Collected data
[Start of Attachment]
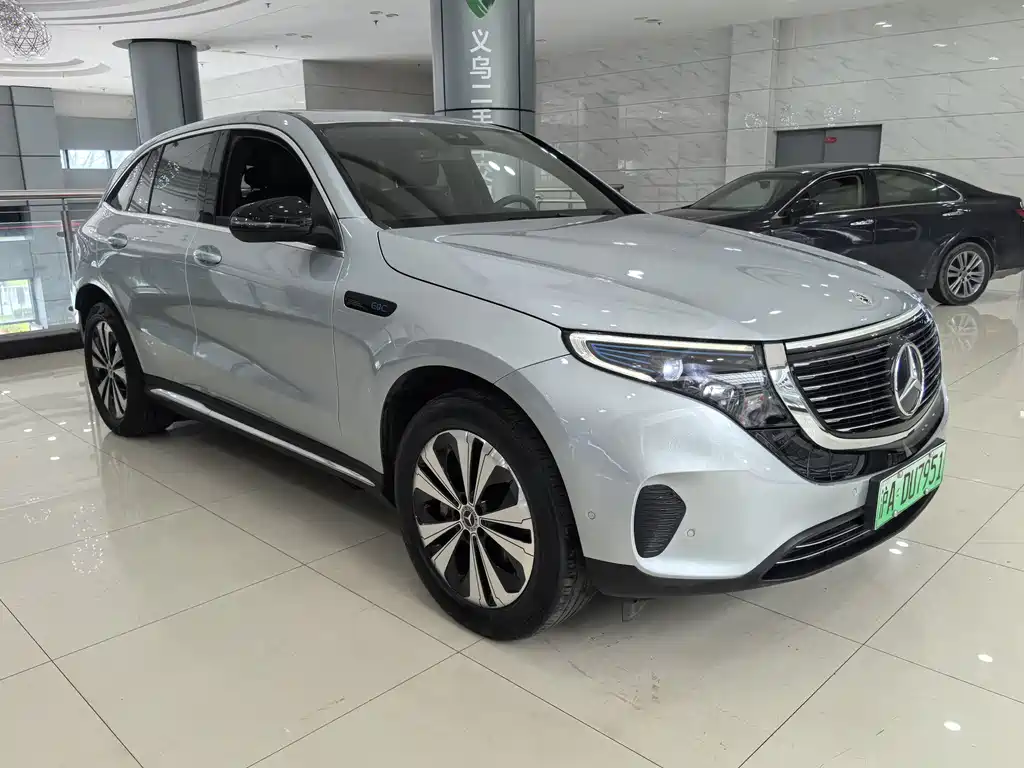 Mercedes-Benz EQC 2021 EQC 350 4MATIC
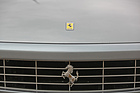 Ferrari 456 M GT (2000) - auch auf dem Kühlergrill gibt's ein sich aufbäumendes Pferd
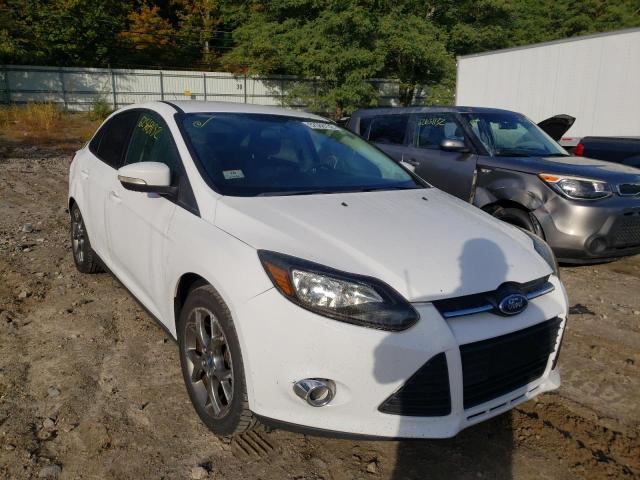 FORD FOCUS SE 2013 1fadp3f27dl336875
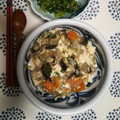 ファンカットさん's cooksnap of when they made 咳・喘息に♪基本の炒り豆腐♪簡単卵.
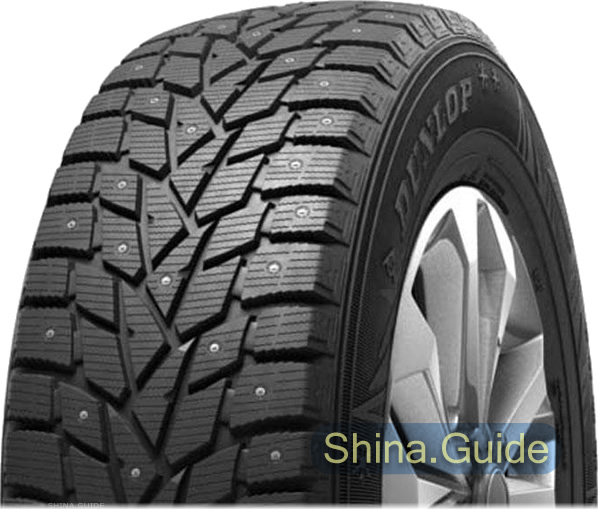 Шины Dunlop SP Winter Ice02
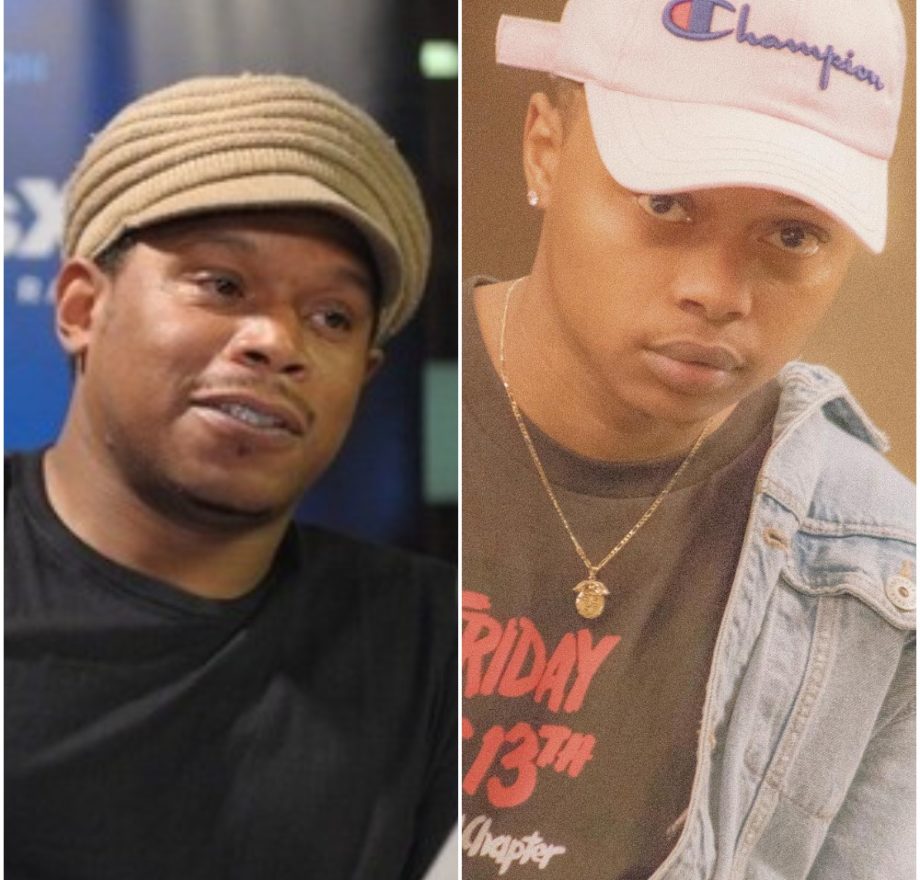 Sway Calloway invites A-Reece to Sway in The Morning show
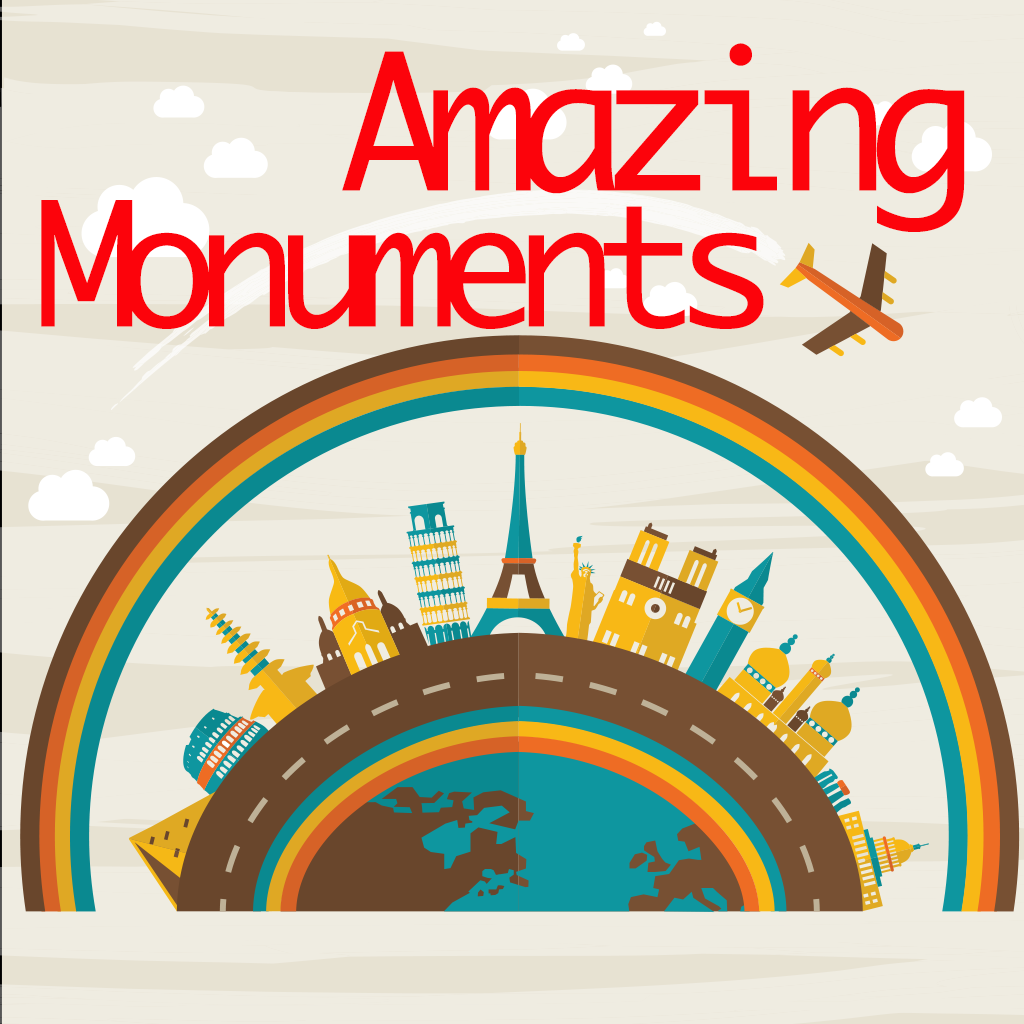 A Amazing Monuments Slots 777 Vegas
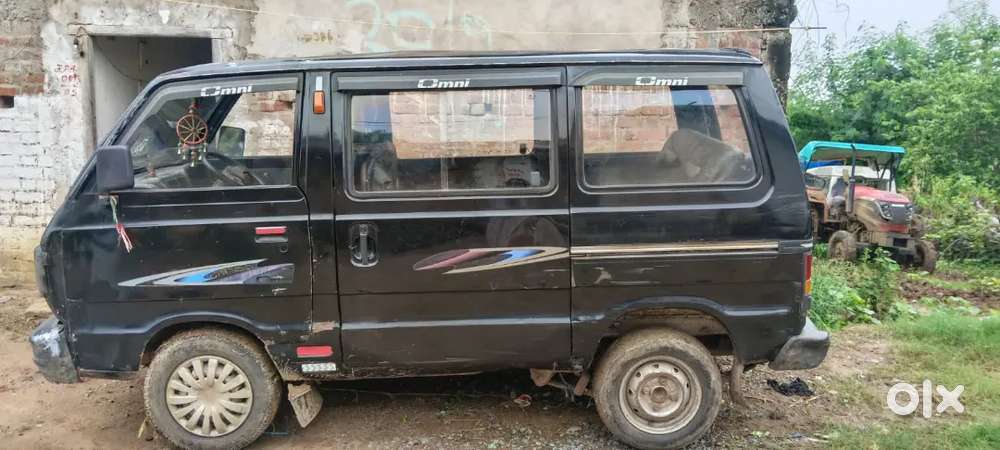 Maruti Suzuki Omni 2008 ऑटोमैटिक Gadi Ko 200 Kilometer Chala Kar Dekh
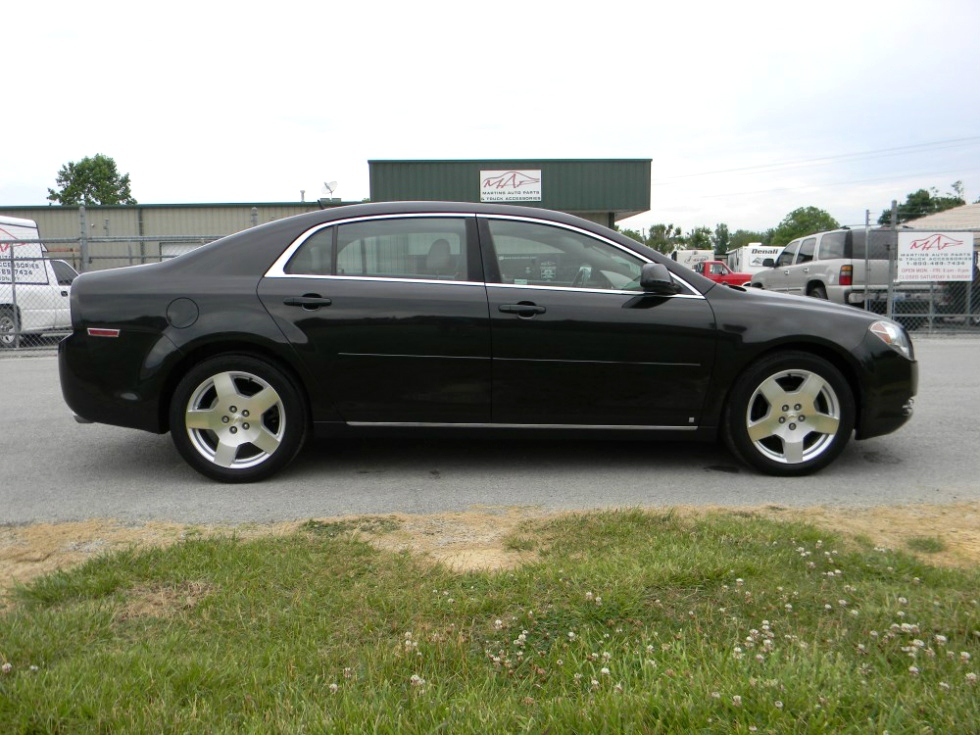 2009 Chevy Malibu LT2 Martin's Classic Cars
[End of Attachment]
■ What is needed
Transcribe all of the records above exactly; no image should appear in what you write.

■ Exercise result
 Mercedes-Benz EQC 2021 EQC 350 4MATIC
 Ferrari 456 M GT (2000) - auch auf dem Kühlergrill gibt's ein sich aufbäumendes Pferd
 FORD FOCUS SE 2013 1fadp3f27dl336875
 ファンカットさん's cooksnap of when they made 咳・喘息に♪基本の炒り豆腐♪簡単卵.
 Шины Dunlop SP Winter Ice02
 Sway Calloway invites A-Reece to Sway in The Morning show
 A Amazing Monuments Slots 777 Vegas
 Maruti Suzuki Omni 2008 ऑटोमैटिक Gadi Ko 200 Kilometer Chala Kar Dekh
 2009 Chevy Malibu LT2 Martin's Classic Cars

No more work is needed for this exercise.